My system has 4 CPU, 16 GB RAM. My Aim is to deploy dask distributed workers that use 1 CPU each ONLY to run code assigned to them.
I am deploying a scheduler container and worker containers using docker to run a code that uses Dask delayed and dask dataframes.
Following are the Docker run commands for both:
Scheduler
docker run --name dask-scheduler --network host daskdev/dask:2023.1.1-py3.10 dask-scheduler
worker (multiple docker run commands tried, all different combinations of following command)
docker run --name dask-worker --network host dask-worker --nworkers 1 --nthreads 1 --resources "process=1" --memory-limit 2 GiB --name dask-worker daskdev/dask:2023.1.1-py3.10 10.76.8.50:8786
Creating client and establishig connection with scheduler.
client = Client("tcp://10.76.8.50:8786")
Now what I wanted was that when dask.compute(scheduler="processes") is run, the worker will use only 1 cpu for running the code. However, atleast 3 CPU can be seen at 100% capacity.

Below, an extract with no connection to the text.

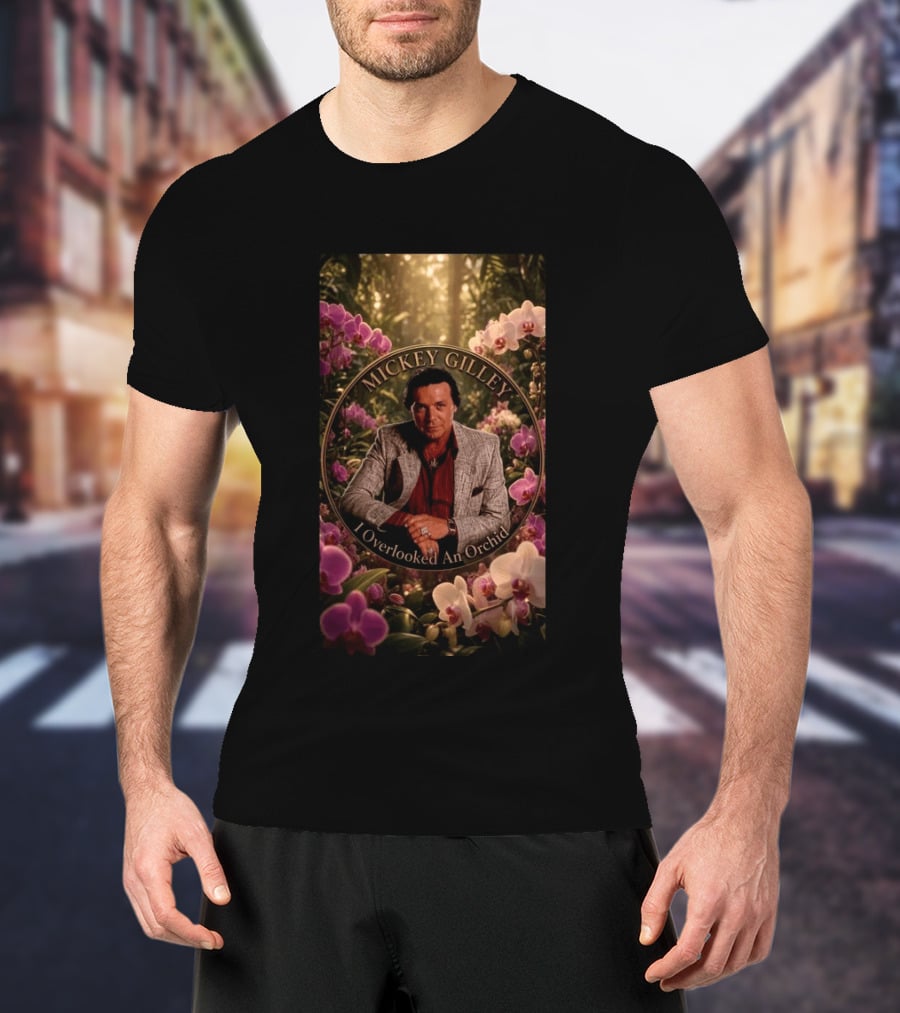 Mickey Gilley I Overlooked An Orchid Classic Country Music Legend T-Shirt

Is there something I have missed?
How could I limit a distributed worker to use ONLY 1 CPU for this compute work?
You are specifying scheduler="processes", which will completely ignore your distributed cluster. Instead, make a distributed client in the python session where you are running your code client = dask.distributed.Client(...)
with the TCP address of the scheduler, and the compute will run on your workers, one thread each, automatically.